Четвертое. Между нормативными целями, которым служат наука и миф, невозможен рациональный выбор. Выбор между ними имеет скорее фактически-исторический характер, хотя он и может содержать рациональные элементы, поскольку он следует из фактически-исторических условий.
В заключение имеет смысл прояснить некоторые понятия, чтобы исключить возможное непонимание.
Многие склонны обозначать как иррациональное все, что не может быть обосновано рациональным образом. Это могло бы привести к утверждению, что онтологические истоки и нормативные цели науки и мифа имеют в конечном счете иррациональный характер. И хотя определения вообще-то могут формулироваться произвольно, тем не менее в сегодняшнем словоупотреблении под иррациональным понимается скорее нечто направленное категорически против разума, нечто, из чего проистекают патологические чувства и страсти, враждебность и слепой произвол. Ничто из этого невозможно найти в науке или мифе, если не иметь в виду неподвластную рациональности историческую предметность, играющую в них столь основополагающую роль.
Дальнейшее недоразумение коренится в том, что подчеркивание релятивности семантических, логических и операциональных критериев по отношению к онтологическим и нормативным предпосылкам, как и их релятивности по отношению к некоей исторической ситуации, рассматривается как выражение релятивизма. И хотя я уже вкратце высказался по поводу релятивизма, хотелось бы еще раз коснуться этого.

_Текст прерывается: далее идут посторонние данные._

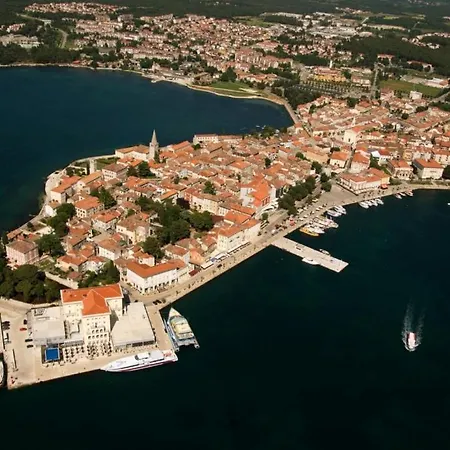 Lejlighed In With Terrace, Air Conditioning, Wifi, Washing Machine Poreč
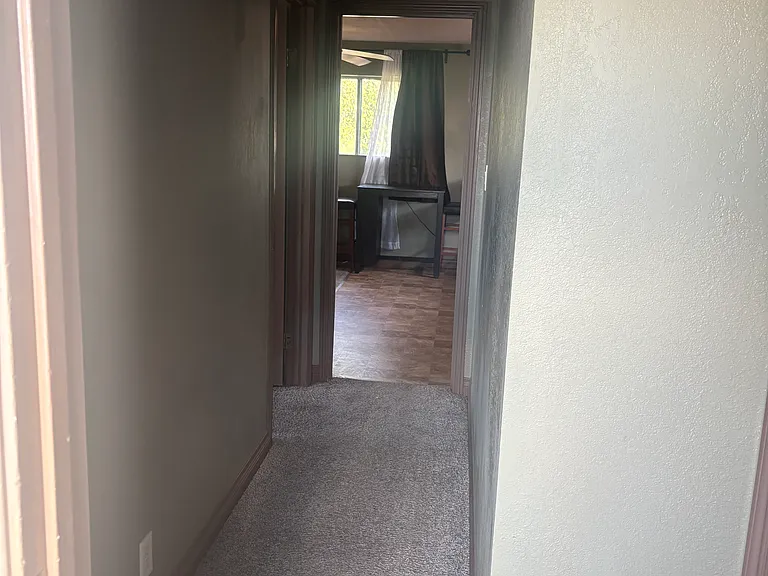 1402 Canterbury Dr #B — Photo 5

Если под релятивизмом понимается подход, в соответствии с которым решения внутри науки и мифа, а также выбор между ними самими происходят более или менее произвольно и субъективно, тогда между упомянутой релятивностью и релятивизмом нет ничего общего. Тогда эта релятивность, состоящая в отношении нормативных и онтологических оснований к чему-то исторически контингентному, оказывается отчасти фактической, отчасти рациональной связанностью, поскольку основана на логической взаимосвязи с этой контингентностью. Данная релятивность упомянутых семантических, логических и операциональных критериев имеет также логический характер и потому никак не может быть произвольной, поскольку это не значит ничего иного, кроме выводимости этих критериев из соответствующей предметной области. Релятивизм ли это, если из ситуации А делаются иные логические конечные выводы, чем из ситуации В?

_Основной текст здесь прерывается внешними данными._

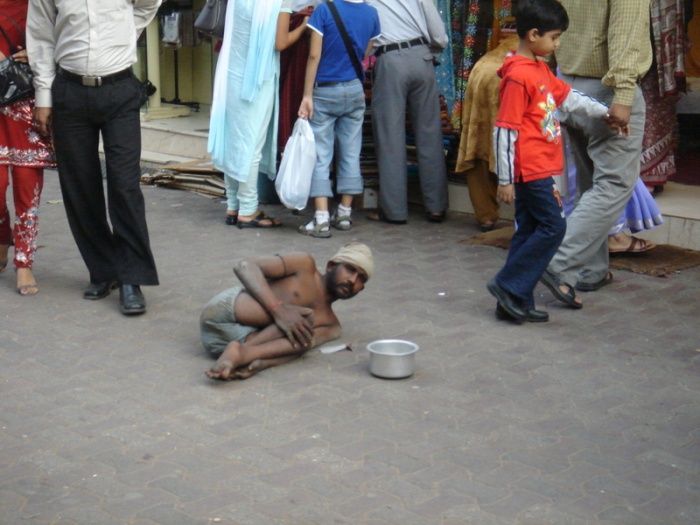 Crippled beggars of India (17 pics)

И еще одно, последнее замечание. Необходимо строго отличать рационализм от рационального. Под рационализмом понимается философское направление, которое рассматривает определенные аксиомы и принципы (о том, каковы они, существует непримиримое различие во мнениях) как выражение абсолютной и тем самым интерсубъективно вечной разумности. При желании можно рассматривать все предыдущие исследования как единое опровержение этой точки зрения, несостоятельной как в историческом, так и теоретическом плане.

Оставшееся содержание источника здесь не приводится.